▶ DATA RECORDS
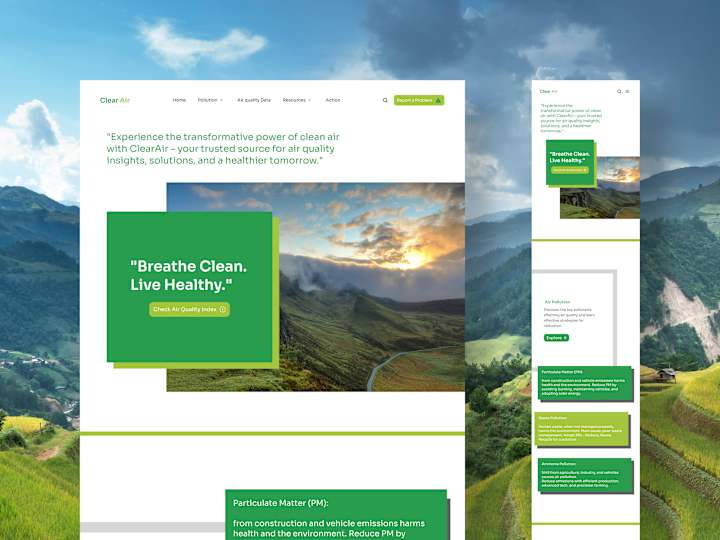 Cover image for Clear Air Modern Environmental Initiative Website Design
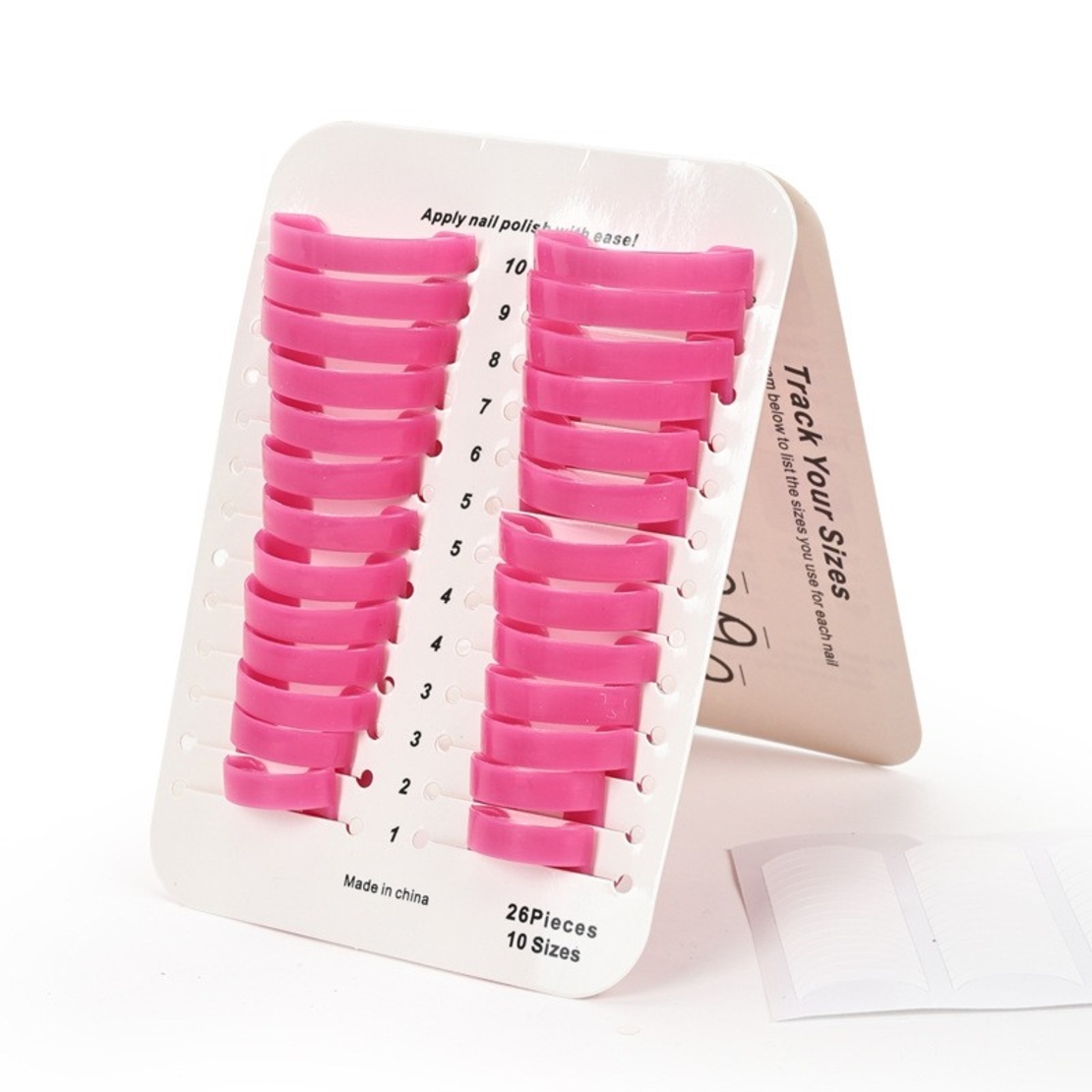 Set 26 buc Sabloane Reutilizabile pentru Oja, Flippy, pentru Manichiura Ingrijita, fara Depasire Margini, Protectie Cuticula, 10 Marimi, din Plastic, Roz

==

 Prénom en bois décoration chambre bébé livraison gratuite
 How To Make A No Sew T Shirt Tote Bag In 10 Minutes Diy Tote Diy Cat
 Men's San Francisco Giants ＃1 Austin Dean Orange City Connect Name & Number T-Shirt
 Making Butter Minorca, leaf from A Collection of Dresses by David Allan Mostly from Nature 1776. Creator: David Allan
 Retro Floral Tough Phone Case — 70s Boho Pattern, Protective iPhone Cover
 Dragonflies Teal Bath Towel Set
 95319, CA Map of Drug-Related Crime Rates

▶ PROBLEM DETAILS
The lines to return are those in the entries above that include "Shirt".

▶ SOLVED EXERCISE
 How To Make A No Sew T Shirt Tote Bag In 10 Minutes Diy Tote Diy Cat
 Men's San Francisco Giants ＃1 Austin Dean Orange City Connect Name & Number T-Shirt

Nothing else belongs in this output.